- [WORK ITEM]: With pictures left out, write out exactly every line from the start of the data through the one that contains "A pixel art".

- [Data excerpts]:

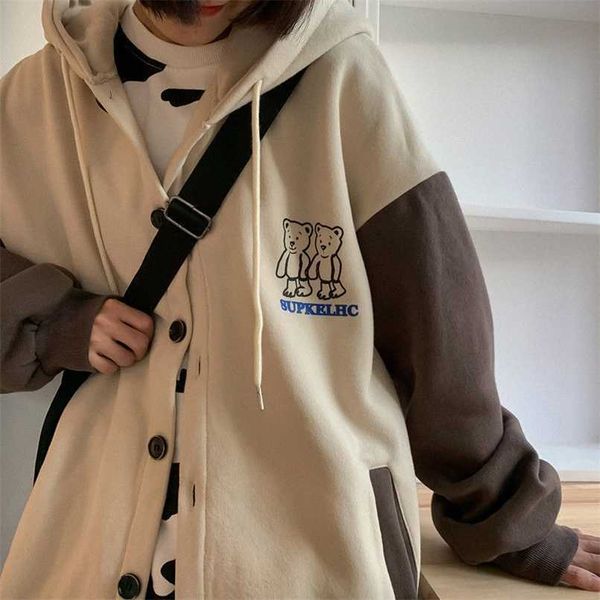 Harajuku Übergroßes Sweatshirt Streetwear Frauen Druck Brief Zip Up Hoodies Student Plus Größe Koreanische Outwear Chic Bär Lose Tops 211109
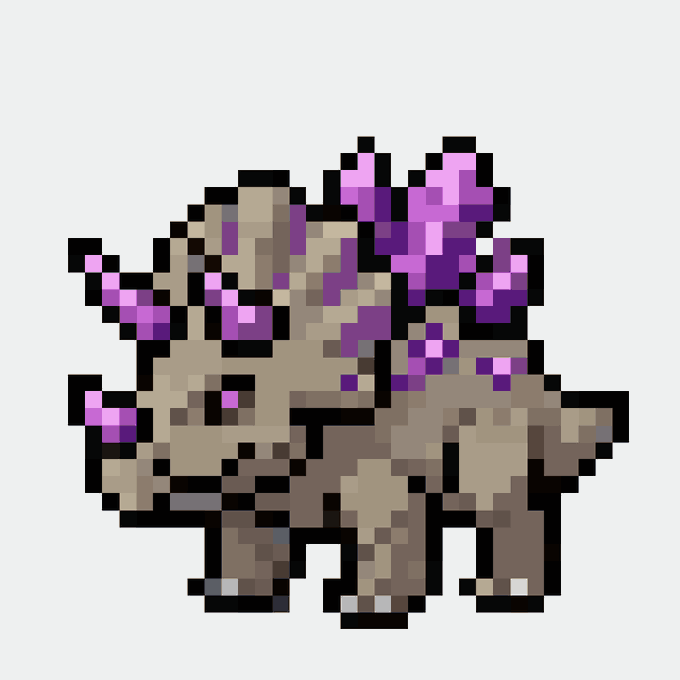 A pixel art sprite of a beige and brown dog-like creature surrounded by purple flowers on a transparent background.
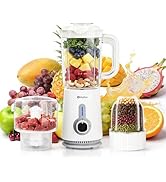 Simplus 42oz Blender for Smoothies with 2-Cup Food Processor & 1-Cup Vegetable Food Chopper, High...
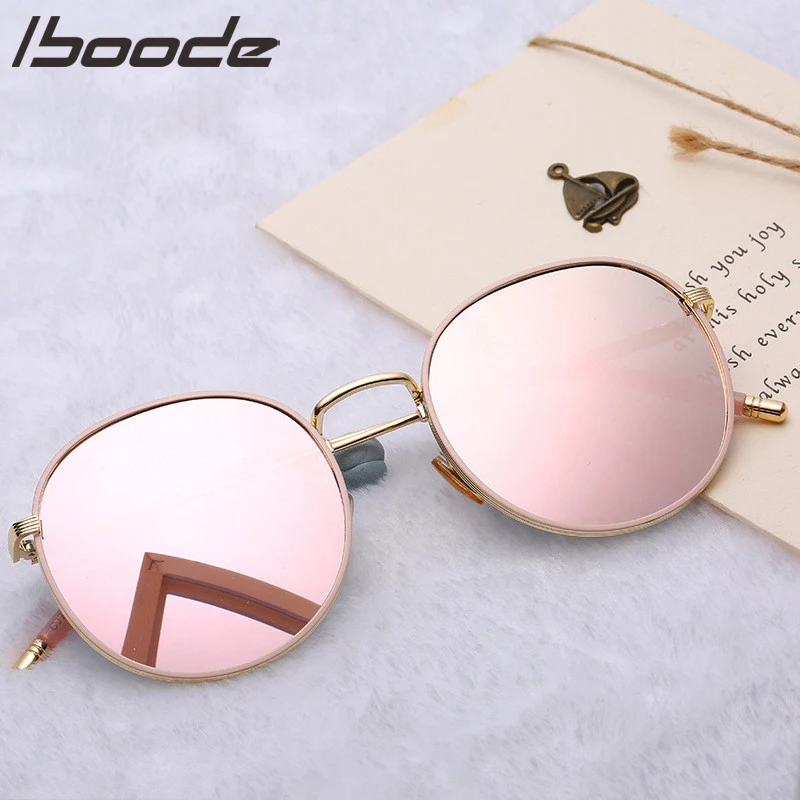 IBOODE ретро поляризованные солнцезащитные очки для женщин и мужчин роскошный бренд дизайн анти-УФ, для вождения солнцезащитные очки унисекс металлические круглые очки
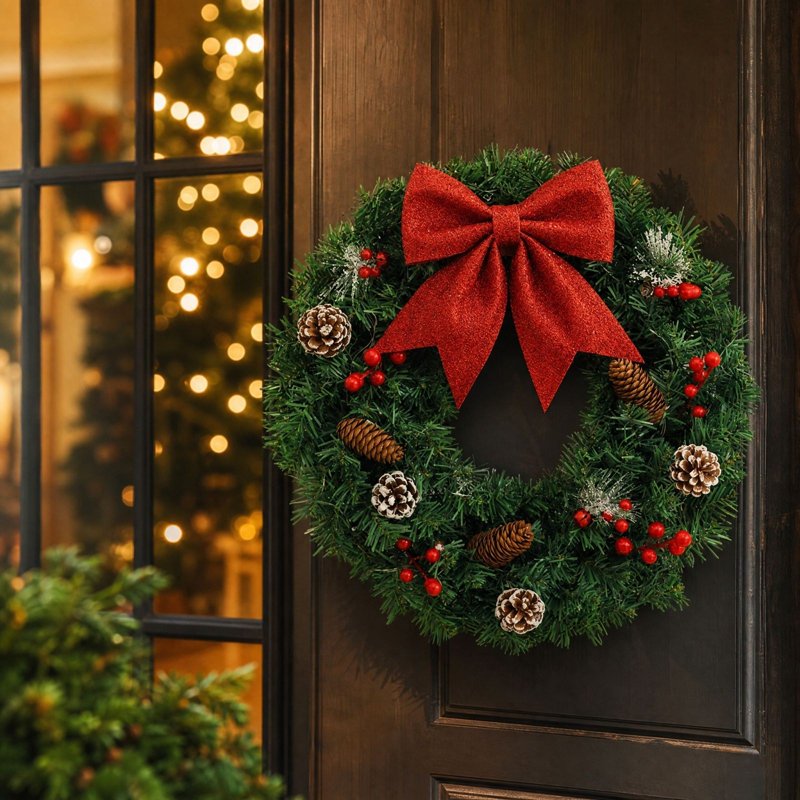 Artificial Christmas Wreath for Front Door & Indoor Decor - Holiday Wreath, Outdoor Friendly, 006-Christmas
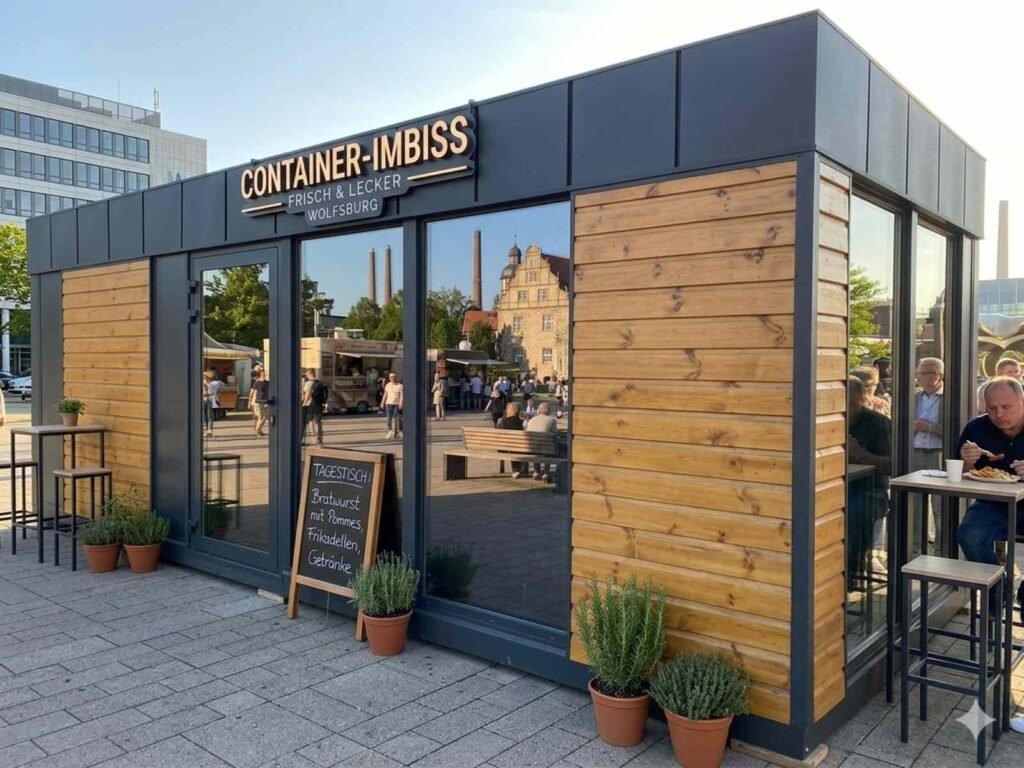 Imbisscontainer kaufen Preise Verkaufscontainer Kiosk Kosten klein WC mobil Ideen Hofladen Container Gastro nach Maß schlüsselfertig Gastrocontainer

- [RESPONSE TO THE EXERCISE]:
 Harajuku Übergroßes Sweatshirt Streetwear Frauen Druck Brief Zip Up Hoodies Student Plus Größe Koreanische Outwear Chic Bär Lose Tops 211109
 A pixel art sprite of a beige and brown dog-like creature surrounded by purple flowers on a transparent background.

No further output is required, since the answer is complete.